JERUSALEM — Hezbollah’s stockpile of weapons includes missiles that can strike at the entire area of Israel, the country’s Intelligence Minister revealed Monday.

In a briefing to foreign journalists, Dan Meridor said the Lebanese Shiite militia, which fought a rocket war with Israel in 2006, has 42,000 rockets and missiles “aimed at Israel.” He added that “some of them cover the north of the country, which includes 1 million Israelis. Some of them cover all of Israel.”

It’s the first time a senior Israeli official has admitted the extent of Hezbollah’s capacity to strike against the Jewish state.

[Opinion: Keeping Hezbollah and Israel from waging war]

Meridor, who also has responsibility within the Israeli government for nuclear affairs, said that Hezbollah’s missile capability was doubly disturbing given the group is sponsored by Iran and the possibility that Tehran may succeed in beating international attempts to prevent its acquisition of nuclear weapons in the coming years. 

“If Iran wins that fight,” Meridor said, “I don’t want to think of the arrogance of Hamas and Hezbollah when they talk about us.”

The residents of Israel’s north were forced into their shelters during the war with Hezbollah in the summer of 2006, because Hezbollah rolled out rockets of a much greater range than it had previously used, striking at Haifa and other Israeli population centers. The result was 43 Israeli dead, though Israeli attacks on Lebanon killed 1,191.

In the Gaza war of January last year, Hamas hit Israeli towns including Ashkelon and Ashdod with its own rockets. Then-opposition leader Benjamin Netanyahu, who’s now Israel’s Prime Minister, warned that by the next time Israel tried to impose its will on the Gaza Strip, Hamas would have introduced rockets that could hit Tel Aviv.

The Hamas and Hezbollah missiles originate in North Korea, according to Israeli and Palestinian security officials. They’re sent to Gaza and Lebanon via Tehran and, then, Damascus.

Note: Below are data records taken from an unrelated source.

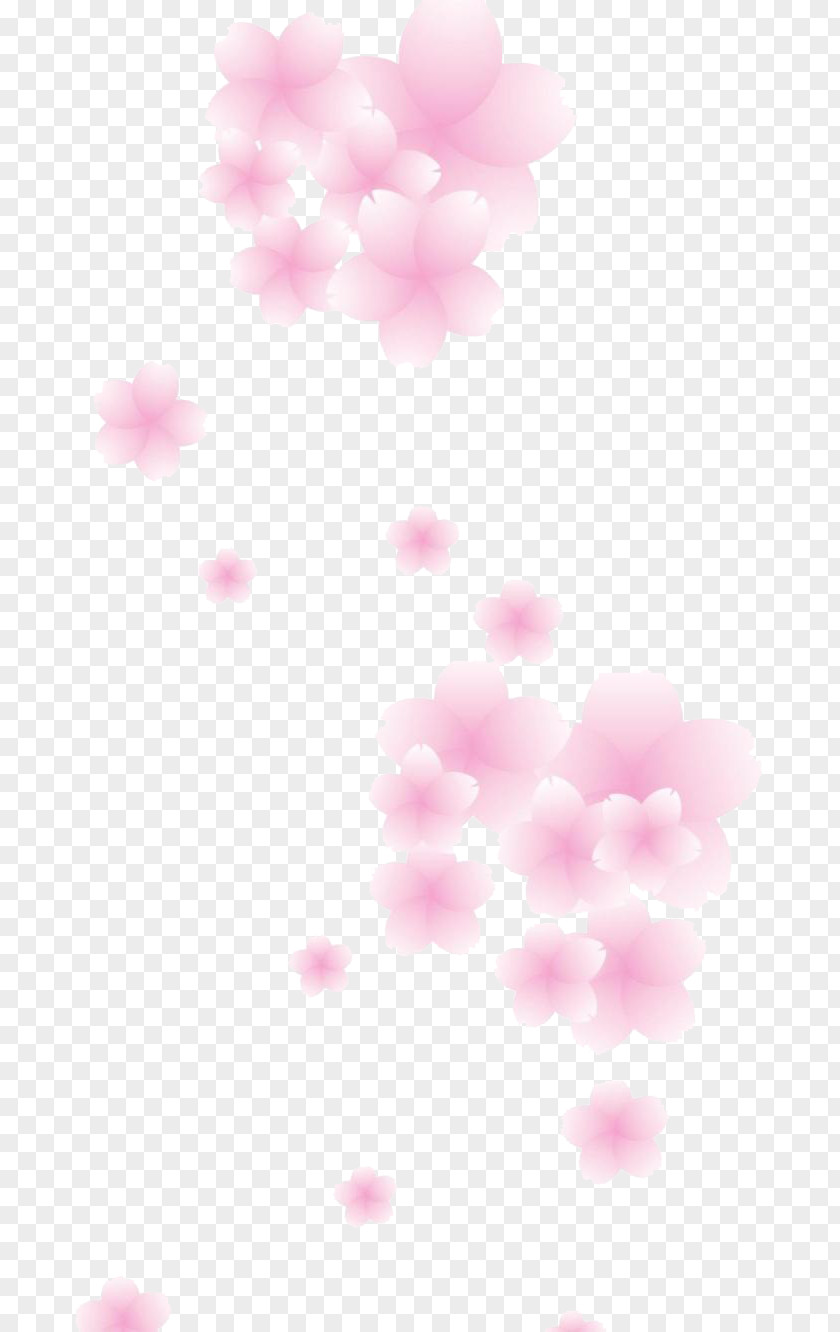 Pink Cherry Blossoms Blossom Petal PNG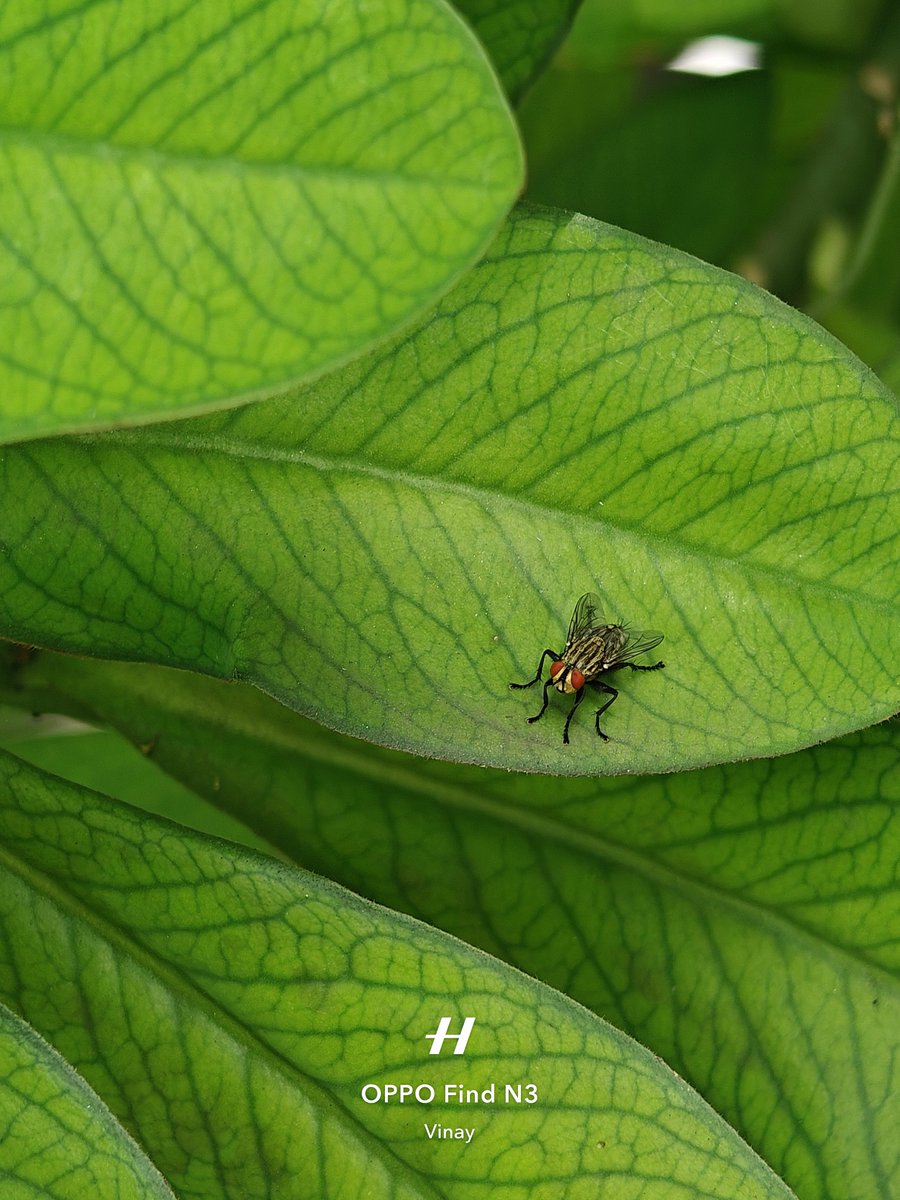 VinayKu64450906's tweet image. Nature creates poetry too delicate for words where sunlight meets leaves and stillness meets flight.
#NatureNovember
#ShotOnSnapdragon 
#ShotOnOPPO Find N3
#SmartphonePhotography
#NatureLover
#LeafLife 
#BeautifulWorld
#NaturalBeauty 
#InspiringNature 
#GoGreen
#OPPOCommunity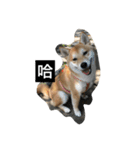 Whisky Shiba（個別スタンプ：11）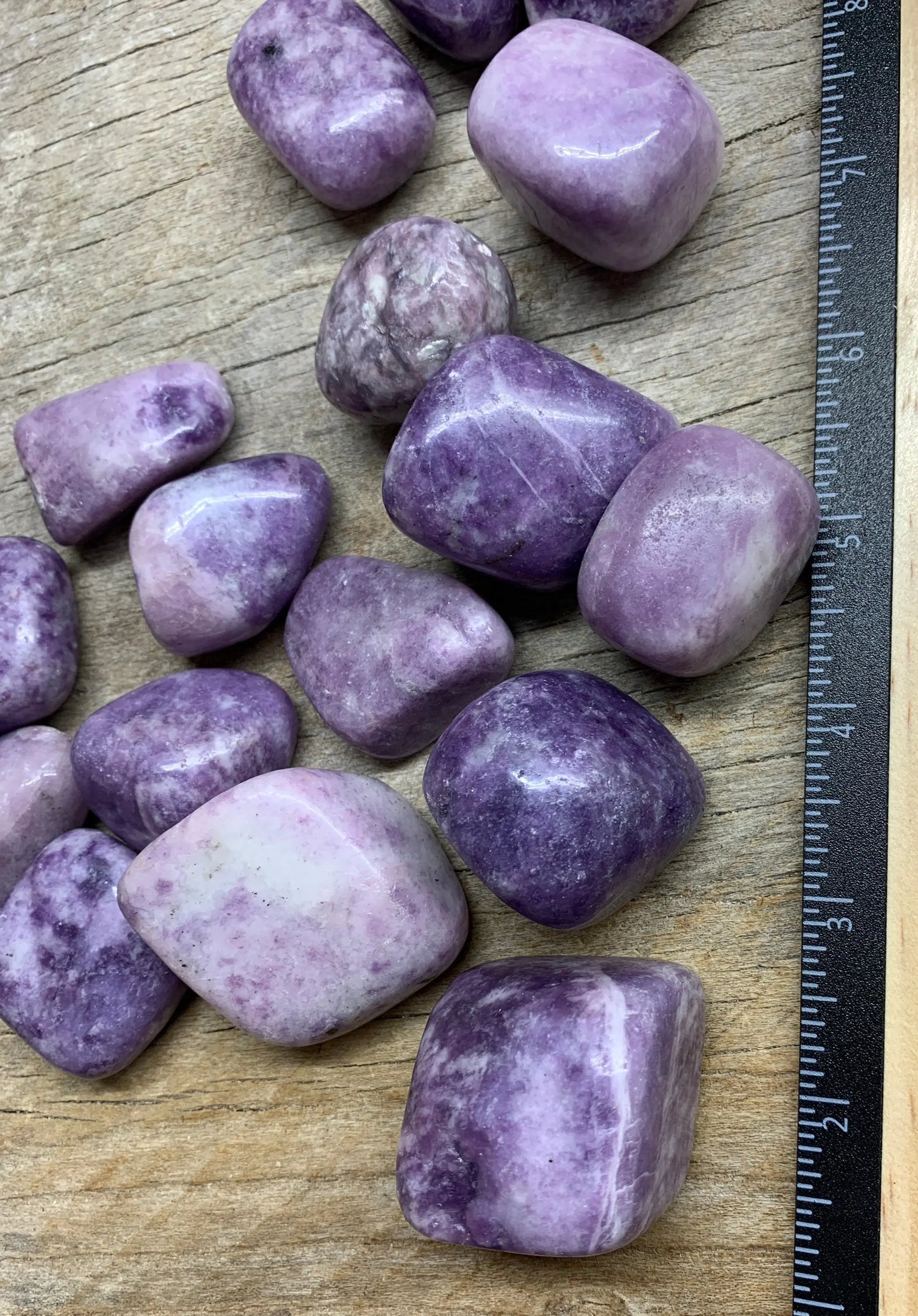 Lepidolite Palm Large Tumbled Stone 1559 (1 3/4”- 2 1/2”) Shop Wholesale Crystals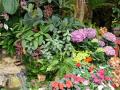 Jardin fleurs tropicales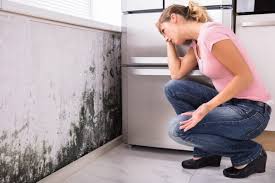 Why You Should Choose Our Mold Remediation Services in La Junta, CO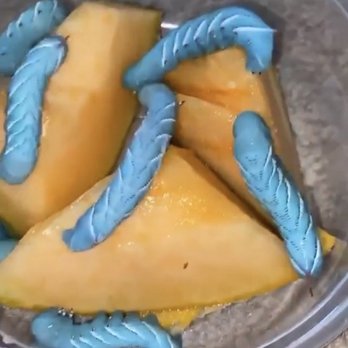 Rainbow Mealworms - Hornworms - Reptile Shops Near Me - Compton, California Rainbow Mealworms - Hornworms - Reptile Shops Near Me - Compton, California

Last month Meridor visited Japan to discuss strategies for confronting North Korea’s role in fueling the conflict at the other end of Asia. He said there was a willingness among Japanese officials to help, but he didn’t offer details of any concrete steps that resulted from his trip.

“The number of rockets and missiles deployed against us is unprecedented in its intensity,” he said. “They have created a new security concern for Israel.”

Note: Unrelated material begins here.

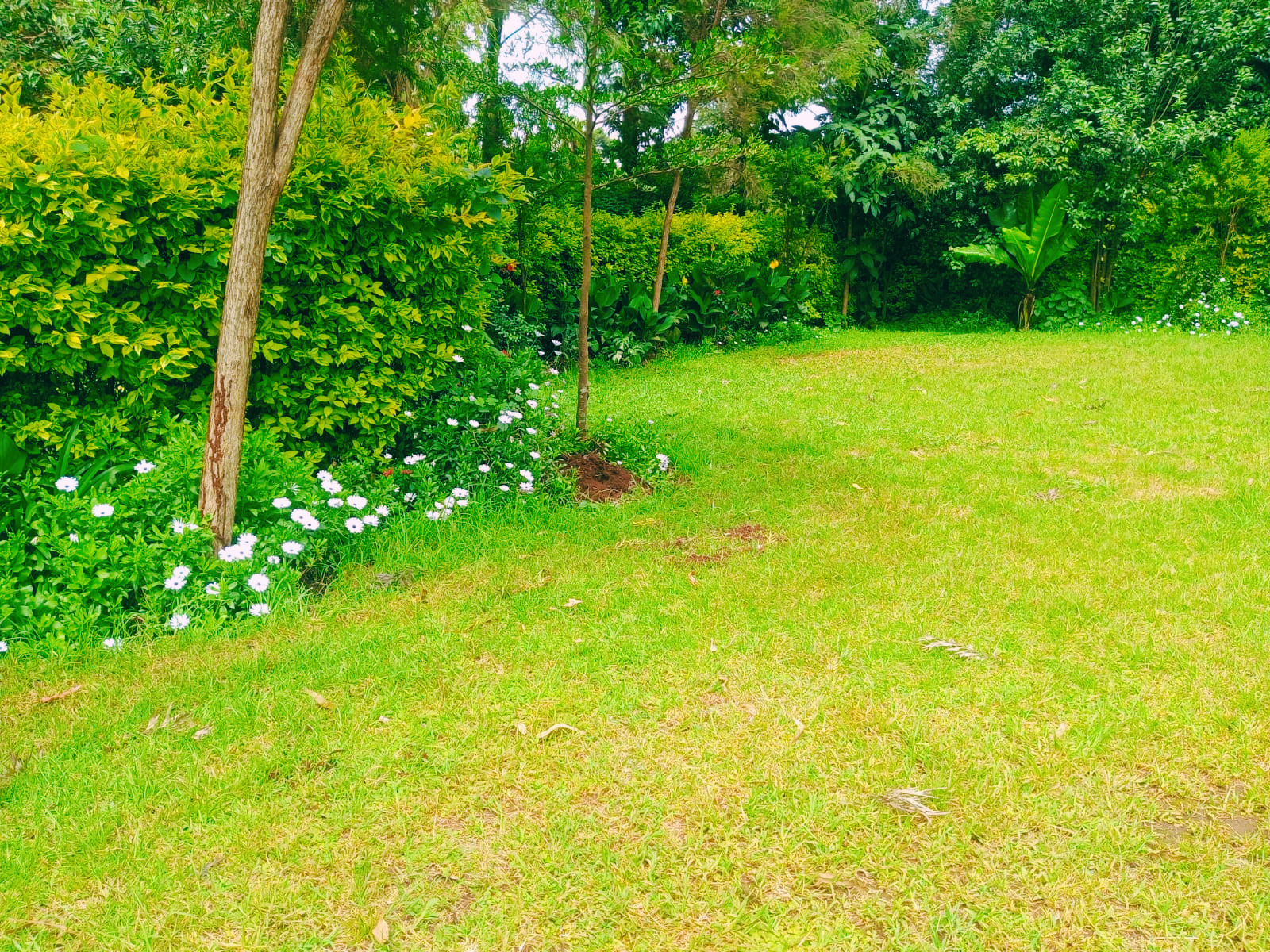 Picnic Area at Nature Breeze Garden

Another Israeli minister, Vice Prime Minister Moshe Ya’alon, said at a conference on air power Monday that Israel has the capability to strike at Iran, should it decide that Tehran’s plans for nuclear weapons won’t be stopped by international sanctions or other means.

Israel attacked an Iraqi nuclear facility in 1981 and made another attack on a nascent Syrian weapons plant in 2007. But many analysts have said Iran is too distant a target and its nuclear plants too well-protected for a similar attack to succeed.

Ya’alon, who is the former head of Israel’s army, suggested that a direct strike against the actual nuclear facilities might not be the approach Israel would take. He talked of attacks to “decapitate or blind” an enemy, by taking out the leadership or the country’s warning systems.

Intelligence Minister Meridor said that Iranian nuclear capability would be a disaster for international nuclear non-proliferation.

“Egypt and other countries in the Gulf will go nuclear” to defend against a potential Iranian attack, he said. “It’s a different world altogether. It’s not good for America, not good for the world order, and not good for us.”

This story was updated to adhere to GlobalPost style on the spelling of Hezbollah.